#### [DATA SECTION]
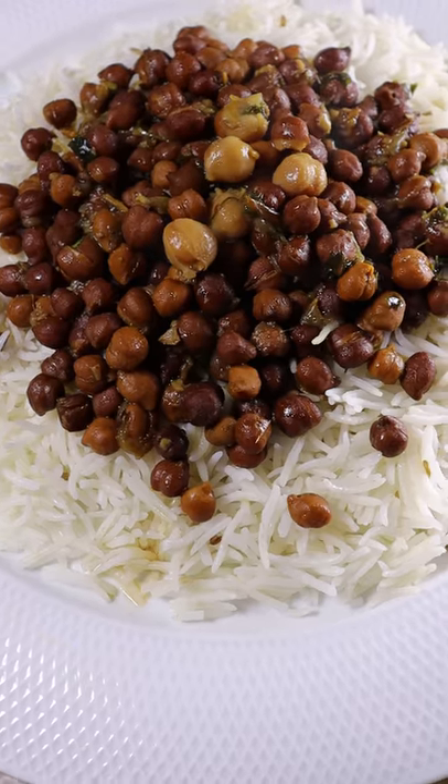Here's how you can make kale chane. Kale means black in Urdu and chane means chickpeas, so it's basically a black chickpea curry and it's super easy to make.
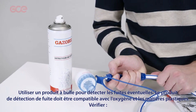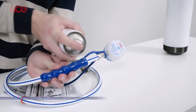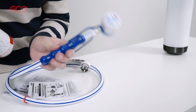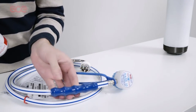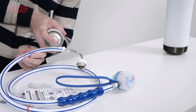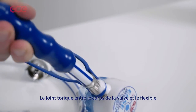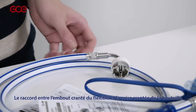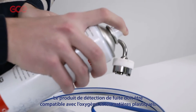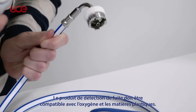Using a suitable leak detection fluid, check for leaks at the joint between the hose and the hose fittings at each end of the hose, the swivel joint between the demand valve body and the hose fitting, and the connection between the hose probe and the gas supply point. The leak detection fluid should be compatible with oxygen and suitable for use on plastic components.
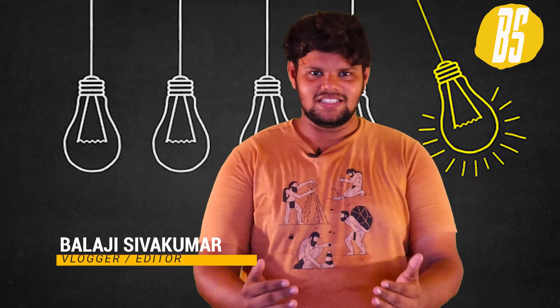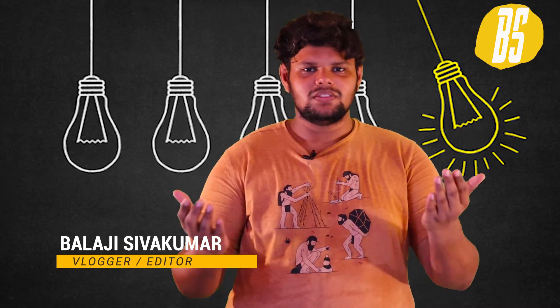P.S.U. Power Supply Unit. Hello, welcome guys. Welcome to TEXT360. Today we are going to see about P.S.U. Power Supply Unit. If you come here in English, you will be in Tamil.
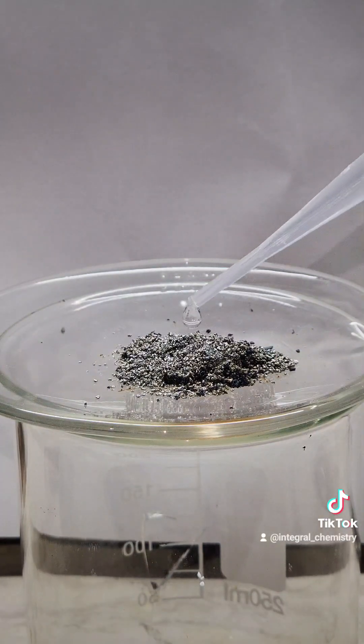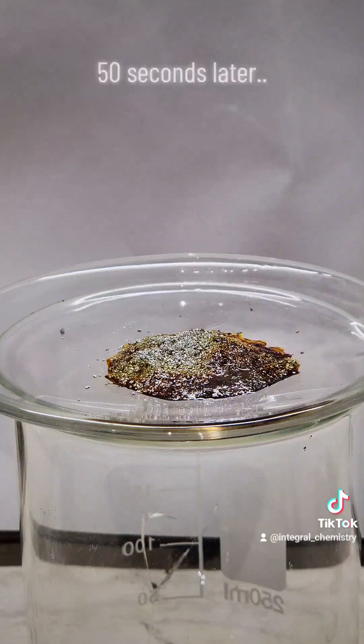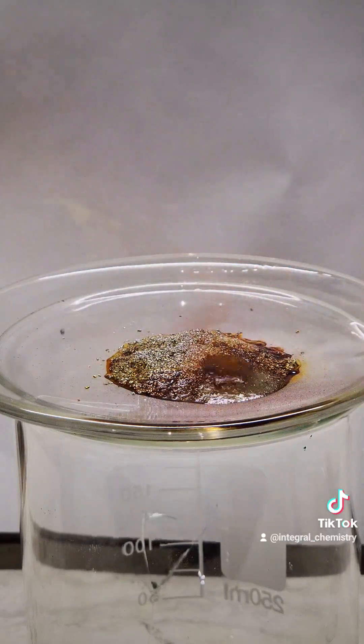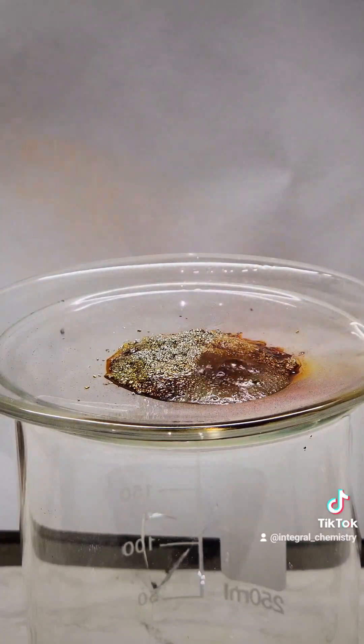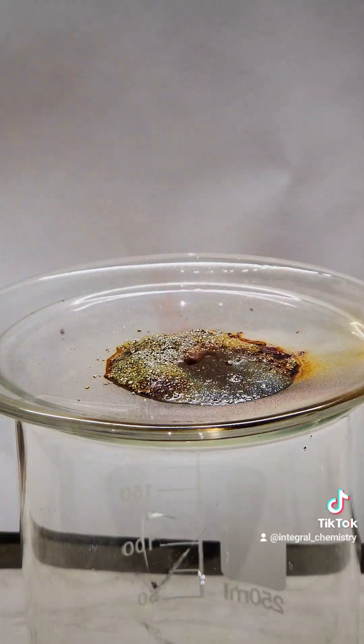I wouldn't recommend doing this reaction at scale, but with such a tiny amount, it's not too dangerous. And that's the entire process. I hope you found this video interesting, and if you liked it and want to see more like it, consider following for more.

#### [ACTION ITEM]
Exactly repeat the material from its first line through the line with "P.S.U. Power Supply Unit. Hello, welcome", including both, and leave the pictures and everything else out.

#### [ANSWER]
Here's how you can make kale chane. Kale means black in Urdu and chane means chickpeas, so it's basically a black chickpea curry and it's super easy to make.
Using a suitable leak detection fluid, check for leaks at the joint between the hose and the hose fittings at each end of the hose, the swivel joint between the demand valve body and the hose fitting, and the connection between the hose probe and the gas supply point. The leak detection fluid should be compatible with oxygen and suitable for use on plastic components.
P.S.U. Power Supply Unit. Hello, welcome guys. Welcome to TEXT360. Today we are going to see about P.S.U. Power Supply Unit. If you come here in English, you will be in Tamil.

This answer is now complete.